__What to produce__. Without including any images, output the listing below exactly.

__Data records__.

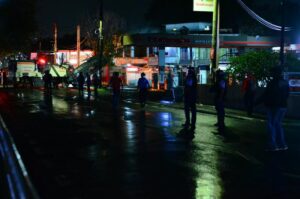 mauricio-port-louis-toque-de-queda-101002026101375000467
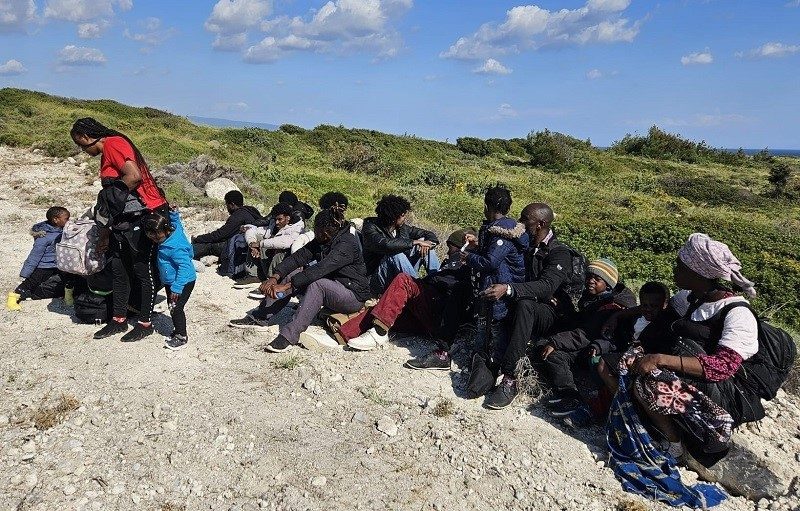 İzmir’de arızalanan botla denizde sürüklenen 26 düzensiz göçmen kurtarıldı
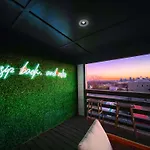 Luxe Pool Hot Tub & Game Room Downtown Nashville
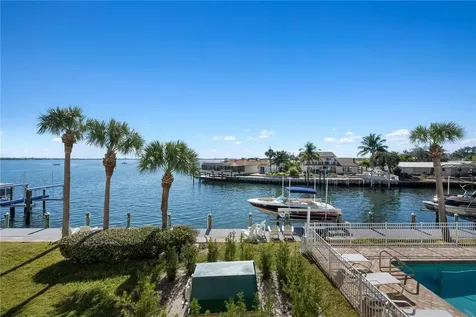 9923 Manatee Avenue W Bradenton FL 34209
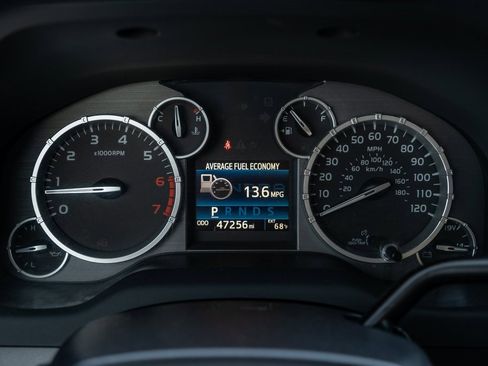 Used 2016 Toyota Tundra SR5 image 23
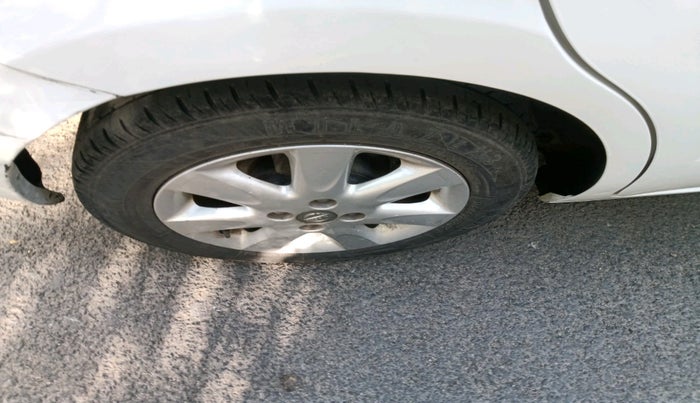 2012 Nissan Micra XV DIESEL, Diesel, Manual, 1,16,996 km, tyre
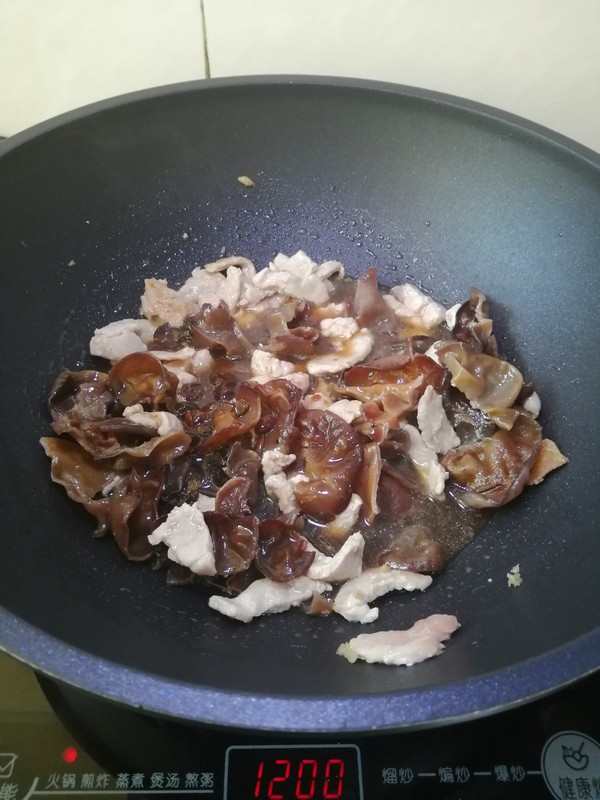 簡簡單單也不失美味~~木耳炒肉絲的做法-家常味炒菜譜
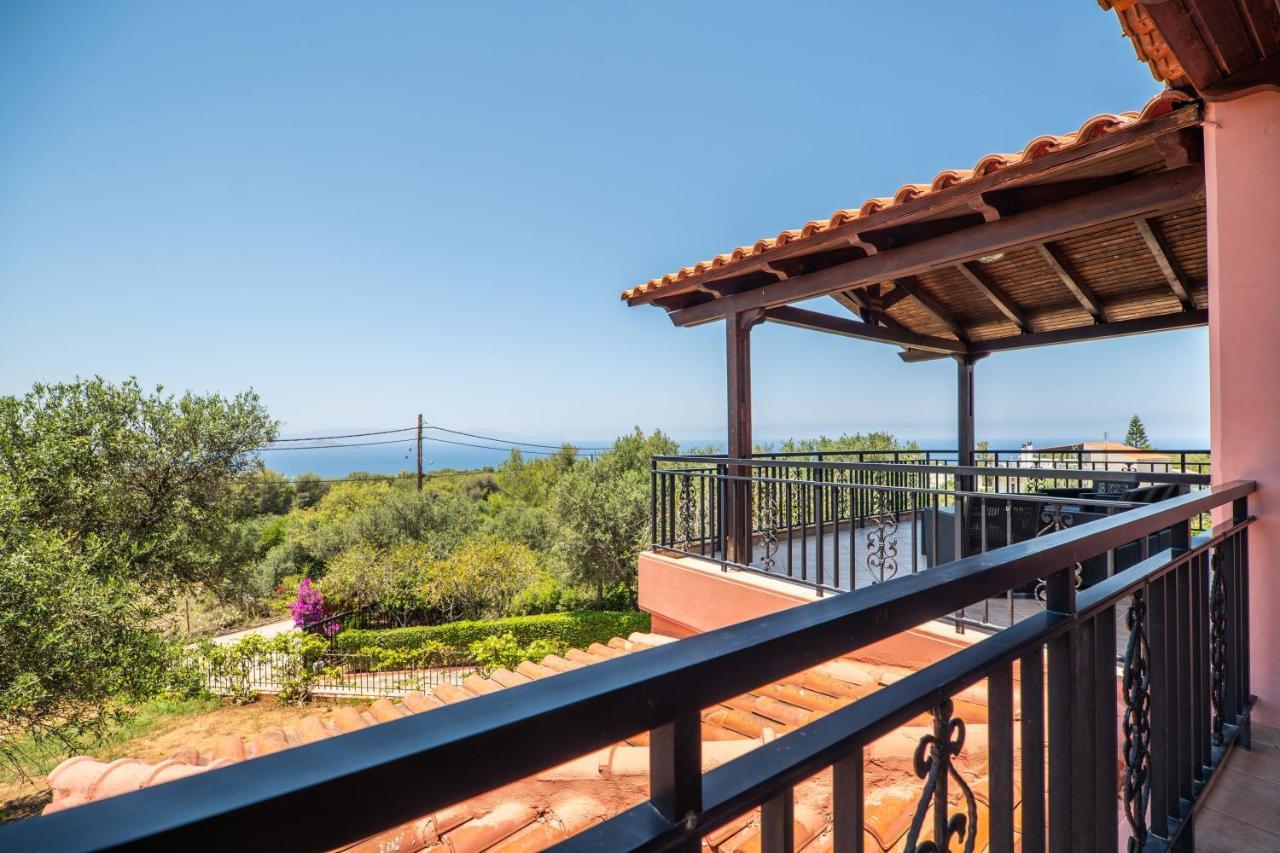 Silva, Garden & Sea View, 3 Bedroom -10 Min Drive From Center Villa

__Your solution__.
 mauricio-port-louis-toque-de-queda-101002026101375000467
 İzmir’de arızalanan botla denizde sürüklenen 26 düzensiz göçmen kurtarıldı
 Luxe Pool Hot Tub & Game Room Downtown Nashville
 9923 Manatee Avenue W Bradenton FL 34209
 Used 2016 Toyota Tundra SR5 image 23
 2012 Nissan Micra XV DIESEL, Diesel, Manual, 1,16,996 km, tyre
 簡簡單單也不失美味~~木耳炒肉絲的做法-家常味炒菜譜
 Silva, Garden & Sea View, 3 Bedroom -10 Min Drive From Center Villa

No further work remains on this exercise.